我的鄰居是妖怪 - 第9章

天下霸唱

第41節:我的鄰居是妖怪(下-走無常)(5)

  二大爺發現給孩子買校服的錢來路不明,晚上吃完飯問二大娘,二大娘說錢是給鄰居幫忙賺的,二大爺一聽放心了。他知道二大娘沒什麼手藝,連縫紉機都不會用,但這段時間腦子清楚多了,在家裡也能洗衣服做飯,幫鄰居幹些活賺點錢貼補家用,也是合情合理。二大爺心裡挺高興,兩口子都賺錢,這日子就能越過越好了,當時沒再繼續追問,後來才逐漸從街坊鄰居口中,得知二大娘這錢是怎麼來的了。

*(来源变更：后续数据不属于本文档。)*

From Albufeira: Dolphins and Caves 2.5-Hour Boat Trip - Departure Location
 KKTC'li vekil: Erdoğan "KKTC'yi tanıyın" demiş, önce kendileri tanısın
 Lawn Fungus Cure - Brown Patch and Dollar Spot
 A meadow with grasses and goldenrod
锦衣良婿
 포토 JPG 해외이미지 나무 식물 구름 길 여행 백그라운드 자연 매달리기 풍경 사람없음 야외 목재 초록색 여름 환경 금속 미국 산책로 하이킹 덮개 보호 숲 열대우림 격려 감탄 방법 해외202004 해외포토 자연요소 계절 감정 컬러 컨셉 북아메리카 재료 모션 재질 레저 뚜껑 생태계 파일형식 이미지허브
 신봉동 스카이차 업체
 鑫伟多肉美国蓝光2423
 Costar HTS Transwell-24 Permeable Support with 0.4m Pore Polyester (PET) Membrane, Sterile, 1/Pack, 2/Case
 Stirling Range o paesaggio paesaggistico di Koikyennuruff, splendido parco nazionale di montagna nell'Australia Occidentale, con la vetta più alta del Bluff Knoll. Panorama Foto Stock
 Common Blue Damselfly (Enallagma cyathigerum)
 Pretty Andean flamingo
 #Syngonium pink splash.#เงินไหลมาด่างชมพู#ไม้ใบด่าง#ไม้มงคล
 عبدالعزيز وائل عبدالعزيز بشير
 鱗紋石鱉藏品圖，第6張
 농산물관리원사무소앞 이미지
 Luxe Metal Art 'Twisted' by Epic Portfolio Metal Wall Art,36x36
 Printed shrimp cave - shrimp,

  原來二大爺每天早出晚歸,孩子也出去上學,只有二大娘一個人在家。她家住三樓,頭幾天一樓有戶鄰居辦白事,娶媳婦屬於紅事,死人出殯叫白事,樓門口貼上了門報,拿白紙寫着「恕報不周」四個大字,落款是某宅之喪,意思是家裡有親人故去,朋友鄰居親戚眾多,萬一通知不過來,請各位多擔待。天津有這種風俗,不光是親友同事來送花圈,樓里的鄰居,凡是認識的,也得隨份子,給點錢買個花圈什麼的。家裡設了靈位,擺上遺像,有全都懂的「大了」在那招呼着,死者為大,來弔唁的人先到遺像前三叩首。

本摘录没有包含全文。